So I got very interested in this question: All right, what happens if you play that out for a few years?

Share this article

Newsletter

Get Quanta Magazine delivered to your inbox

Recent newsletters

* * *

I. The Wars of The Roses (2020–22)
“understanding wars” • GPT-3 • “a field in crisis”

As transformer models approached (and surpassed) “human baselines” on various NLP benchmarks, arguments were already brewing about how to interpret their capabilities. In 2020, those arguments — especially about “meaning” and “understanding” — came to a head in a paper imagining an LLM as an octopus.

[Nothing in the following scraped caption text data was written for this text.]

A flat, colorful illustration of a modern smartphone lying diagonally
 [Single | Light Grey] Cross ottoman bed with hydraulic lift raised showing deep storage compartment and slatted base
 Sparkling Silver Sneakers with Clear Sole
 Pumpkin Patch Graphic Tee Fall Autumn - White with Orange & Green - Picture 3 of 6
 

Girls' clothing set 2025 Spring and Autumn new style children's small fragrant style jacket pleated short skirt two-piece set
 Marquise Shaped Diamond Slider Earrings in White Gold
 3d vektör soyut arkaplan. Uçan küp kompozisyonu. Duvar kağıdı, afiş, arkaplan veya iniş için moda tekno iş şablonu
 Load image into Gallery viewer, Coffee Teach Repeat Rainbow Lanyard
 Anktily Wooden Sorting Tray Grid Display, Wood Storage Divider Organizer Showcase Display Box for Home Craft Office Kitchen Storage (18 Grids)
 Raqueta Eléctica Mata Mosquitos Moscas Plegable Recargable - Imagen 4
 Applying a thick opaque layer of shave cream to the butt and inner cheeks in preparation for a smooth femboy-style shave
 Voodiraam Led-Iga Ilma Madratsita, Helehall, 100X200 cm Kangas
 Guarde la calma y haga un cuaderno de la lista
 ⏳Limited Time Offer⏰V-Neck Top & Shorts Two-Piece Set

EMILY M. BENDER (professor, department of linguistics, University of Washington; 2024 president, Association for Computational Linguistics): I was having these just unending arguments on Twitter, and grumpy about it. There was one about using BERT to unredact the Mueller report, which is a terrible idea. It seemed like there was just a never-ending supply of people who wanted to come at me and say, “No, no, no, LLMs really do understand.” It was the same argument over and over and over again.

I was talking with [computational linguist] Alexander Koller, and he said: “Let’s just write the academic paper version of this so that it’s not just ideas on Twitter, but peer-reviewed research. And that’ll put an end to it.” It did not put an end to it.

Bender and Koller’s “octopus test” asserted that models trained only to mimic the form of language through statistical patterns could never engage with its meaning — much as a “hyperintelligent octopus” would never really understand what life was like on land, even if it fluently reproduced the patterns it observed in human messages.

SAM BOWMAN: This argument — that “there’s nothing to see here,” that neural network language models are fundamentally not the kind of thing that we should be interested in, that a lot of this is hype — that was quite divisive.

JULIAN MICHAEL: I got involved in that. I wrote this takedown of the paper — it was the one blog post I’ve ever written, and it was the length of a paper itself. I worked hard to make it a good-faith representation of what the authors were saying. I even got Emily to read a draft of my post and correct some of my misunderstandings. But if you read between the lines, I am eviscerating. Just with a smile on my face.

ELLIE PAVLICK: These “understanding wars” — to me, that’s when a reckoning was really happening in the field.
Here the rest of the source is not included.